Also, there's no way to indicate "confidence" (like, outside-level confidence) in a prediction. If someone knows a lot about a particular topic, and spends a lot of time researching a particular question, but also occasionally predicts their best guess on random other questions outside their area of expertise, then the point-based "incentives" become messy. That's something I like about Manifold that's missing from Metaculus, and I wonder whether it might be possible to work in something like that while keeping Metaculus's general system.

Hi @Odd anon, thanks for the feedback and questions. 

1. To your point about copying the Community Prediction: It's true that if you copy the CP at all times you would indeed receive a high Baseline Accuracy score. The CP is generally a great forecast! Now, CP hidden periods do mitigate this issue somewhat. We are monitoring user behavior on this front, and will address it if it becomes an issue.

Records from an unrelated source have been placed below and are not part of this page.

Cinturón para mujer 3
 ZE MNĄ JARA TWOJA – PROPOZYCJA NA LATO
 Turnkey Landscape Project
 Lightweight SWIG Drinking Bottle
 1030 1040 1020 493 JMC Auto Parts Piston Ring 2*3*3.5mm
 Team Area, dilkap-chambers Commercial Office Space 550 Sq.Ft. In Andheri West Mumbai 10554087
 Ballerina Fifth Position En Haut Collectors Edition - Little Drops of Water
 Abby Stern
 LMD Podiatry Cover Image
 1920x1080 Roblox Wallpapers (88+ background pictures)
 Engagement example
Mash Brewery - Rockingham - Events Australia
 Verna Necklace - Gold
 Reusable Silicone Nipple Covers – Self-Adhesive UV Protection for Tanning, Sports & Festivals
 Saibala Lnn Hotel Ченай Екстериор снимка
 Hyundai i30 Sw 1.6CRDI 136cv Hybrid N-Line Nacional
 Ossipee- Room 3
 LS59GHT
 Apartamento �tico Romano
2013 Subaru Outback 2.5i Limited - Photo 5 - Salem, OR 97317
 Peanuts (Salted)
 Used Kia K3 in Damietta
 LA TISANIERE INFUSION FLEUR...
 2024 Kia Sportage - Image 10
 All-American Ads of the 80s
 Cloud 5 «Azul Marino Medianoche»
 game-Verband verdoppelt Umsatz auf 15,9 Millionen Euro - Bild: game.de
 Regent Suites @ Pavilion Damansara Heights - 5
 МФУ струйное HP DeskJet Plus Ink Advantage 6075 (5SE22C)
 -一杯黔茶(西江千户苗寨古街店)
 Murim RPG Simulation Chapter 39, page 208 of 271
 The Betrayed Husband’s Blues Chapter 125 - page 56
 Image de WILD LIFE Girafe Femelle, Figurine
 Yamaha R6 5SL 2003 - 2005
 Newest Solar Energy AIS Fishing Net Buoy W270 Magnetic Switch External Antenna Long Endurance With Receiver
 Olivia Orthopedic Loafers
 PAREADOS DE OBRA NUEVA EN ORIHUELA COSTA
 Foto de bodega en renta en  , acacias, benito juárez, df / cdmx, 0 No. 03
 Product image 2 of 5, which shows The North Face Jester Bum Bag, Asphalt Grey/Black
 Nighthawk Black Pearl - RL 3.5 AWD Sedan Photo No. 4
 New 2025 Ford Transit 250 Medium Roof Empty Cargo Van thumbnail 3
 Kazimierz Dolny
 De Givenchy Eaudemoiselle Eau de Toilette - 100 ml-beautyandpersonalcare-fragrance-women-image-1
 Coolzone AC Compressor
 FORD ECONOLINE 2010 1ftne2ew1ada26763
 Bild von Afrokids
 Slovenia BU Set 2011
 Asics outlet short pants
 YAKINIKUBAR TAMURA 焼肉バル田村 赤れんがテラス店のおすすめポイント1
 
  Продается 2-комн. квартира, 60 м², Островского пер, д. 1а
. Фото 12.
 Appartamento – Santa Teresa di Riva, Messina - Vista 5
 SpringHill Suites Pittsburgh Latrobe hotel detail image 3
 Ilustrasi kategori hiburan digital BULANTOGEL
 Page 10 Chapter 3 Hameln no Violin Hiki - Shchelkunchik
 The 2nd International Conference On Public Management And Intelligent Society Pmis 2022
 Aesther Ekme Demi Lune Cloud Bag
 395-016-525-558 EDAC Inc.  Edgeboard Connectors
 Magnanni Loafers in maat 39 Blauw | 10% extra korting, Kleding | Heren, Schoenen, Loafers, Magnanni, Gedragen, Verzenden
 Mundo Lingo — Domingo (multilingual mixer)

We do have some ideas in our scoring trade-offs doc for further ways to address CP copying, e.g.: 

We could have a leaderboard that only considers the last prediction made before the hidden period ends to calculate Peer scores. This largely achieves the goal above: it rewards judgement, it does not require updates or tracking the news constantly. It does not reward finding stale questions.

Have a look here, and let us know what you think! (We also have some ideas we're tinkering with that are not listed in that doc, like accuracy metrics that don't include forecasts that are on the CP or +/- some delta.)

2. On indicating confidence:  You'll see in the tradeoffs doc that we're also considering the idea of letting users exclude a particular forecast from their peer score (Idea # 3), which could somewhat address this. (Interestingly, indicating confidence was attempted at Good Judgment Project, but ultimately didn't work and was abandoned.) 

We're continuing to develop ideas on the above, and we'd definitely welcome further feedback!